Forcing turnovers is one thing, but making opponents pay is another. If the Aggies had lost, the paper-popper stat would’ve been ASU’s 26 points off turnovers compared to A&M’s five.
For a system that’s built on exerting extra energy to force turnovers, it can be crippling to force double-digit turnovers but fail to capitalize.
Still, the Aggies did not let this rattle them in their first live game against another team.
With shooters up and down this roster, Rubén Dominguez shot 2-for-7 on Sunday, and Griffen went 4-for-7 from behind the arc. Clemence is rarely mentioned at the top of that list by people outside the program, but the ones in that building know how crucial he is to this team.
After averaging just 1.7 points per game in his three years at Kansas, Clemence powered the comeback with 20 points on 5-for-6 shooting from deep in just 20 minutes of action. Because of his stat lines at Kansas, there were concerns about whether he could get his practice form to translate into a game. Sunday provided an early answer to that question.
“One of the biggest things we say is next play,” Clemence said. “I live my life by that, too. I take every moment and just say next play.”
When his team needed a spark, Clemence made the next play...and then the next and then the next. The Sun Devils had no answer for him.

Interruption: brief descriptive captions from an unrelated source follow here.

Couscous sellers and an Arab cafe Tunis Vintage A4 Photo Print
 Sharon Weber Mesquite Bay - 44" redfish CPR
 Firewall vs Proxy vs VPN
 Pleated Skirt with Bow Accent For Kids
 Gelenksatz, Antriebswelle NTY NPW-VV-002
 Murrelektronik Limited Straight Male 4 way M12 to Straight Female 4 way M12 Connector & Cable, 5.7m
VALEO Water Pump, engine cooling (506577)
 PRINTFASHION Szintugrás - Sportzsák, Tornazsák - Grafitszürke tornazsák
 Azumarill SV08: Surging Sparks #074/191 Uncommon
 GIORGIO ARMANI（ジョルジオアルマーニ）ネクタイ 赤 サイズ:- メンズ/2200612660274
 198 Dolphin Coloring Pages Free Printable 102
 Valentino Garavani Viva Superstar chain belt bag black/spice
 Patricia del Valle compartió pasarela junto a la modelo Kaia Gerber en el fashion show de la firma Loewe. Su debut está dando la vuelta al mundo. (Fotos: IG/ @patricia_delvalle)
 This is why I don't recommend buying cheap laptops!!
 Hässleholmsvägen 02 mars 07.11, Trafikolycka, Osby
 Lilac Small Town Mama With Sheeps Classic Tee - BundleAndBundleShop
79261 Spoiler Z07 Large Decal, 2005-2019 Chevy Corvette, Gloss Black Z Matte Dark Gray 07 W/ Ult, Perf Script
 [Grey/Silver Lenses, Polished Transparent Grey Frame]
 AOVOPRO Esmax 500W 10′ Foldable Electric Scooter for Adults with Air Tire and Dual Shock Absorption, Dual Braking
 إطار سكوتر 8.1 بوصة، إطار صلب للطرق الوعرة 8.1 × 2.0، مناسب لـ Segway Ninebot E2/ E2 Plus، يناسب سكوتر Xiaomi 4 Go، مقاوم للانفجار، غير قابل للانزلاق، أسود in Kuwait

Trey after trey rained in during the final 10 minutes as Clemence took over the game and subsequently shut down the WiFi in the whole building.
The Aggie snipers shot 8-for-15 from deep in the second half and put up 55 points. The Reed Arena scoreboards better be able to hit triple digits, because 95 with an off-shooting half leaves a lot to be excited about offensively.
There was a lot to like about the fight A&M showed without their two best players, including the ball movement displayed in the second half, dominating the glass in the final 30 minutes and how they limited their own turnovers to just four in the final 16 minutes.
“This is the start of what we are. We’ve got a long way to go,” McMillan said. “I’m looking forward to getting to where we got to go.”
Can the Aggies clean up the turnovers, defend without fouling and get out to faster starts? That remains to be seen.
It’s only an exhibition, but if this team can build on it, March could look significantly better than this result in October.
A&M will officially start the season in eight days against Northwestern State at Reed Arena on Monday, Nov. 3.